Jharkhand Board JAC Class 9 Maths Important Questions Chapter 10 Circles Important Questions and Answers.

## JAC Board Class 9th Maths Important Questions Chapter 10 Circles

Question 1.

In figure, AB = CB and is the centre of the circle. Prove that BO bisects ∠ABC.

Solution :

Given: In figure, AB = CB and O is the centre of the circle.
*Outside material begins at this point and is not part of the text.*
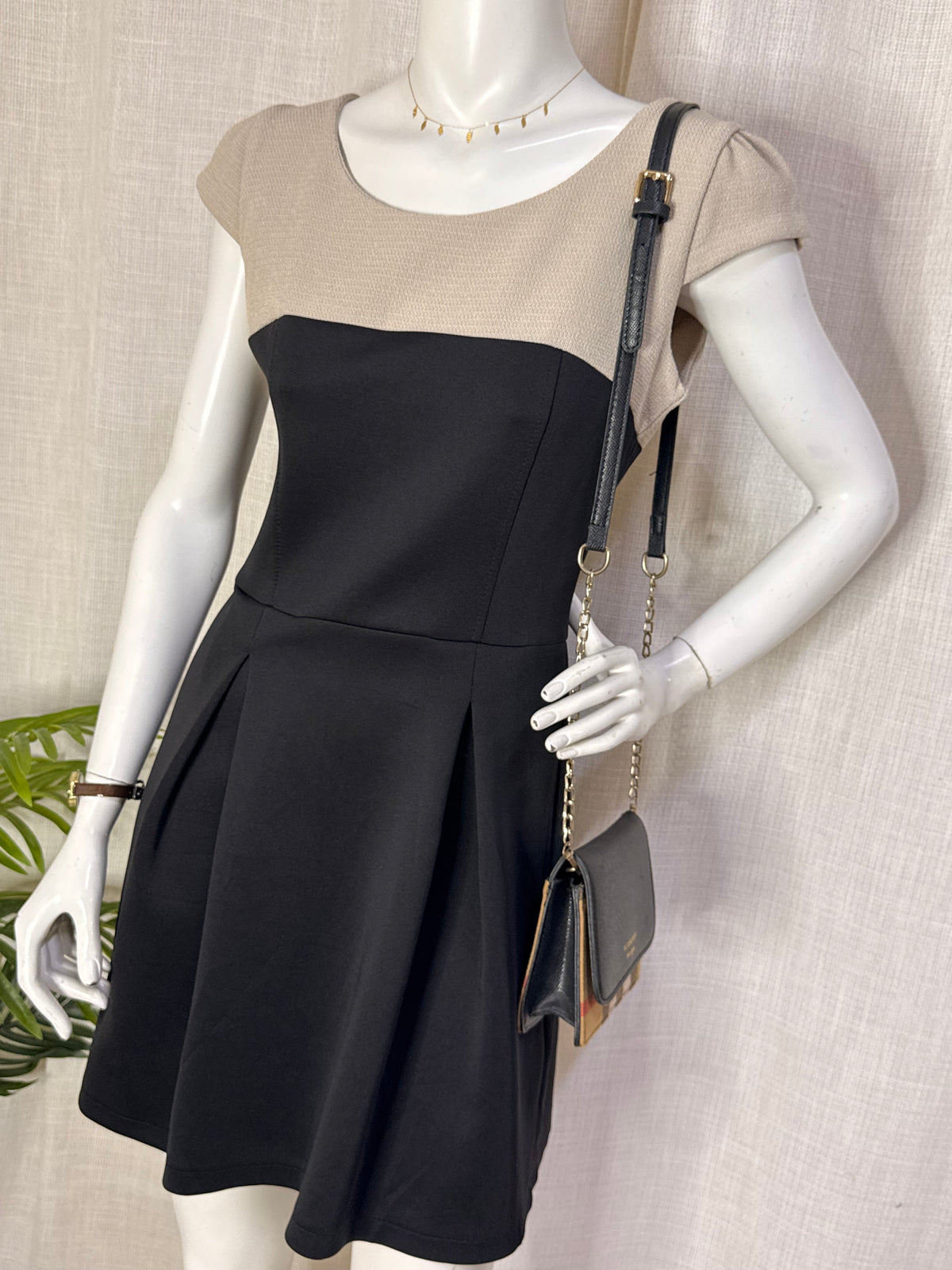 Rimini 1928 Beige & Black Colorblock Pleated Skater Mini Dress – Size Medium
To Prove : BO bisects ∠ABC.

Construction: Join OA and OC.

Proof: In ΔOAB and ΔOCB,

OA = OC [Radii of the same circle]

AB = CB [Given]

OB = ОВ (Common)

∴ ΔOAB ≅ ΔOCB [By SSS]

∴ ∠ABO = ∠CBO [By CPCT]

⇒ BO bisects ∠ABC. Hence, Proved.

Question 2.

In figure, AB = AC and O is the centre of the circle. Prove that OA is the perpendicular bisector of BC.

Solution :

Given: In figure, AB = AC and O is the centre of the circle.

To Prove: OA is the perpendicular bisector of BC.
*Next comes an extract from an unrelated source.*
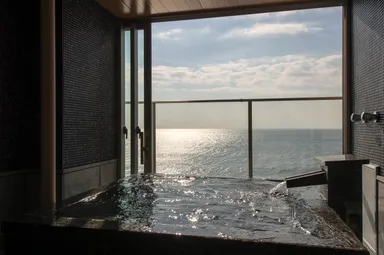 「颯々」展望風呂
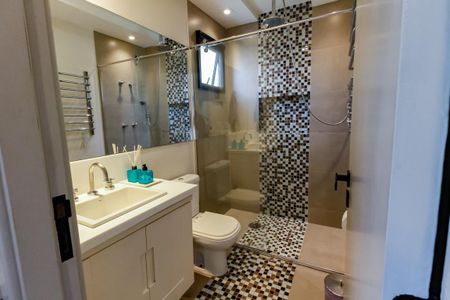 Apartamento à venda com 220m², 5 quartos e 4 vagasBanheiro da Suíte 1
Construction: Join OB and OC.

Proof: AB = AC [Given]

∴ chord AB = chord AC.

[∵ If two arcs of a circle are congruent, then their corresponding chords are equal.]

∴ ∠AOB = ∠AOC ……(i) [∵ Equal chords of a circle subtend equal angles at the centre]

In ΔOBD and ΔOCD,

∠DOB = ∠DOC [From (i)]

OB = OC [Radii of the same circle]

OD = OD (Common)

∴ ΔOBD ≅ ΔOCD [By SAS]

∠ODB = ∠ODC …(ii) (By CPCT)

And BD = CD ……..(iii) [By CPCT]

∴ ∠ODB + ∠ODC = 180° [Linear pair]

⇒ ∠ODB + ∠ODB = 180°

[From equation (ii)]

⇒ 2∠ODB = 180°

⇒ ∠ODB = 90°

∴ ∠ODB = ∠ODC=90°….(iv) [From(ii)]

So, by (iii) and (iv), OA is the perpendicular bisector of BC. Hence, proved.

Question 3.

Prove that the line joining the midpoints of the two parallel chords of a circle passes through the centre of the circle.

Solution :

Let AB and CD be two parallel chords of a circle whose centre is O.

Let L and M be the mid-points of the chords AB and CD respectively. Join OL and OM. Draw OX || AB or CD.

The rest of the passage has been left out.